Problem statement:
Write the records out exactly, so that no picture remains in the copy.

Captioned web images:
= = = =

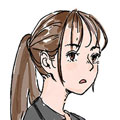情诗漫画免费阅读_情诗在线漫画观看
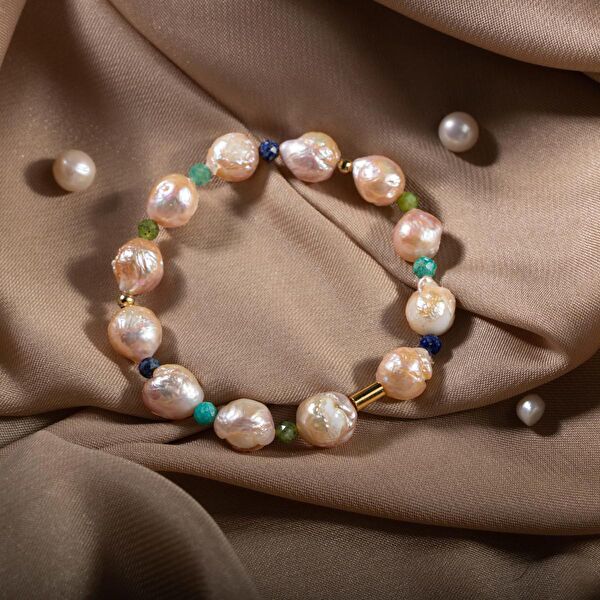 OsmanliDogaltas Bileklik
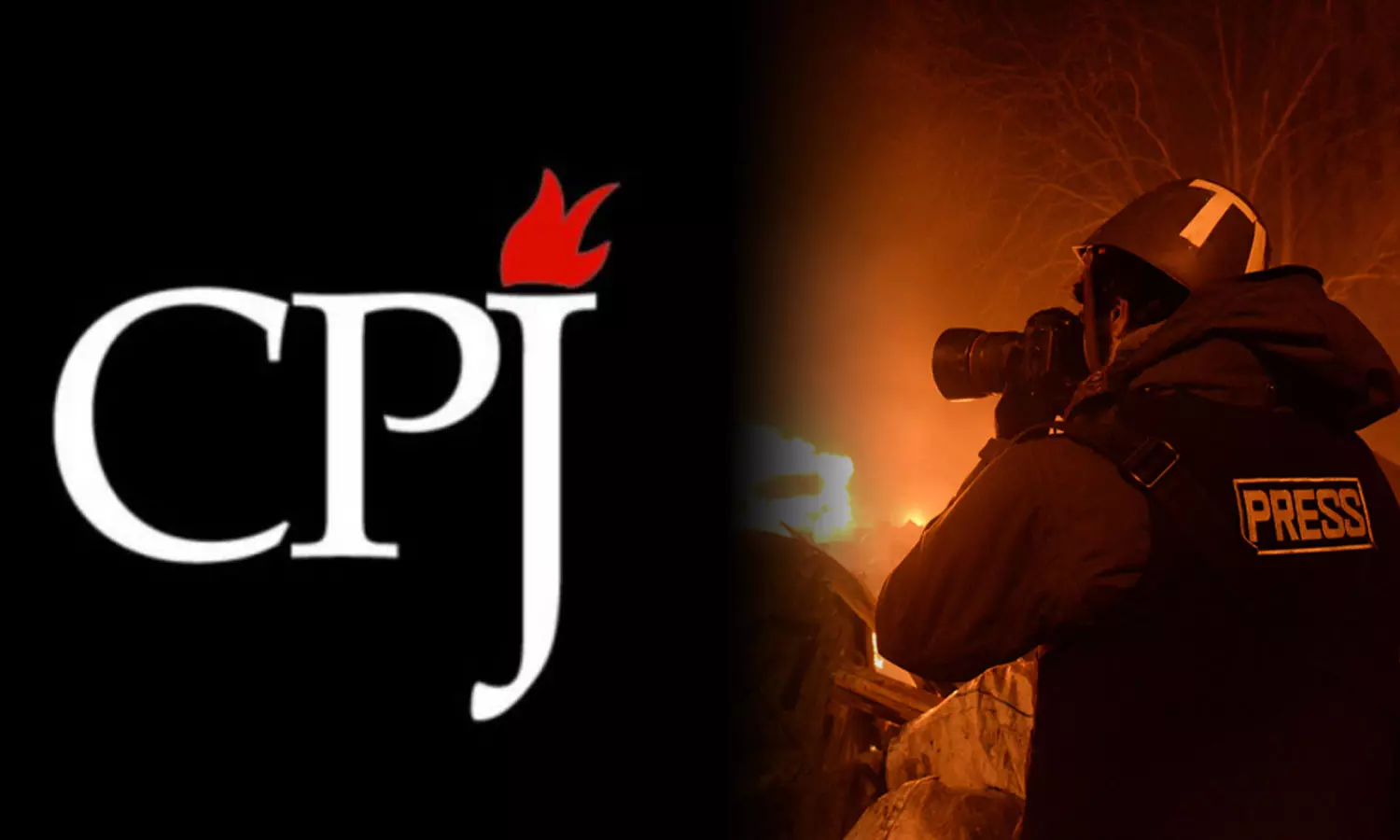 അവ്യക്തമായ സുരക്ഷാകാരണങ്ങളുടെ പേരിൽ മീഡിയവണിന് വിലക്കേർപ്പെടുത്താനുള്ള നീക്കം പ്രതിഷേധാര്ഹം: സി.പി.ജെ അവ്യക്തമായ സുരക്ഷാകാരണങ്ങളുടെ പേരിൽ മീഡിയവണിന് വിലക്കേർപ്പെടുത്താനുള്ള നീക്കം പ്രതിഷേധാര്ഹം: സി.പി.ജെ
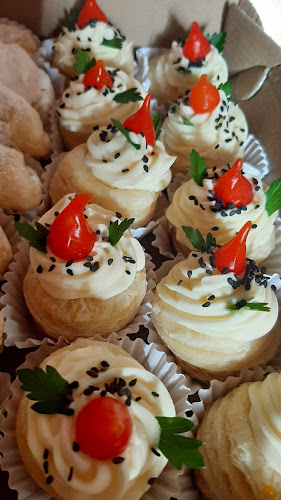 Dra. Nilda Raquel González 237, 40000 Rivera, Departamento de Rivera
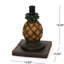 Base de parasol Pineapple Design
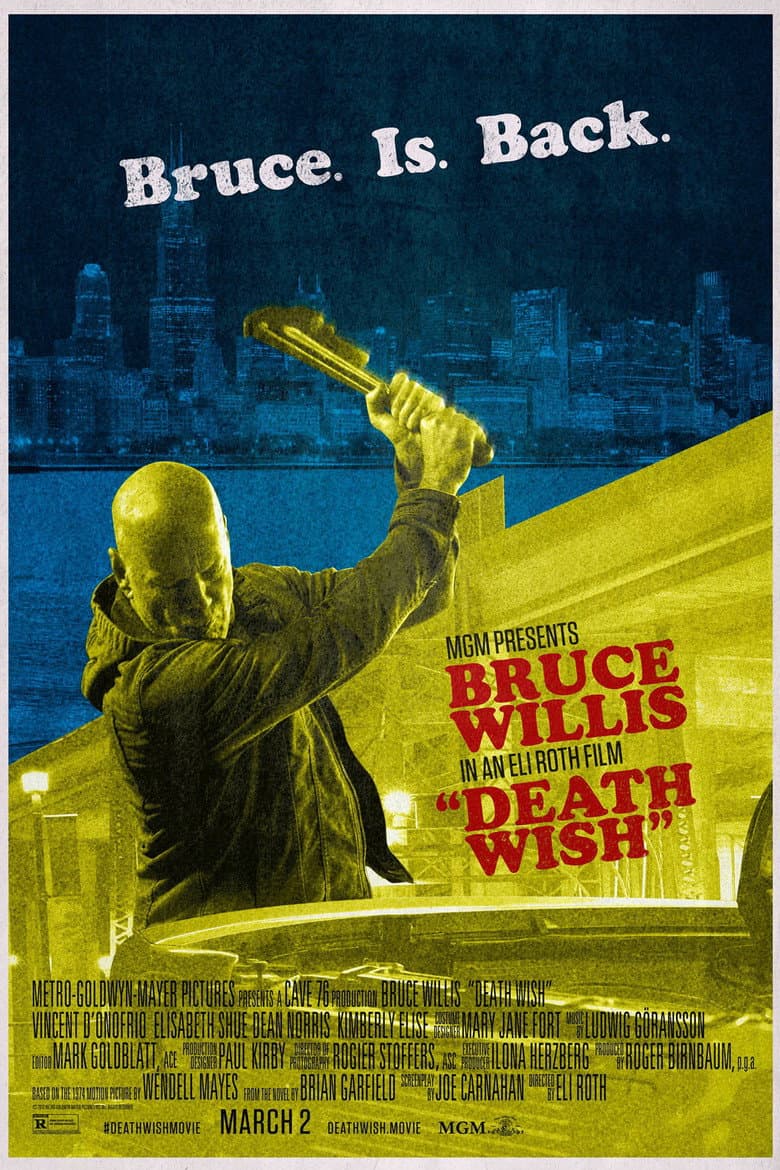 Ảnh poster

= = = =

Task response:
情诗漫画免费阅读_情诗在线漫画观看
 OsmanliDogaltas Bileklik
 അവ്യക്തമായ സുരക്ഷാകാരണങ്ങളുടെ പേരിൽ മീഡിയവണിന് വിലക്കേർപ്പെടുത്താനുള്ള നീക്കം പ്രതിഷേധാര്ഹം: സി.പി.ജെ അവ്യക്തമായ സുരക്ഷാകാരണങ്ങളുടെ പേരിൽ മീഡിയവണിന് വിലക്കേർപ്പെടുത്താനുള്ള നീക്കം പ്രതിഷേധാര്ഹം: സി.പി.ജെ
 Dra. Nilda Raquel González 237, 40000 Rivera, Departamento de Rivera
 Base de parasol Pineapple Design
 Ảnh poster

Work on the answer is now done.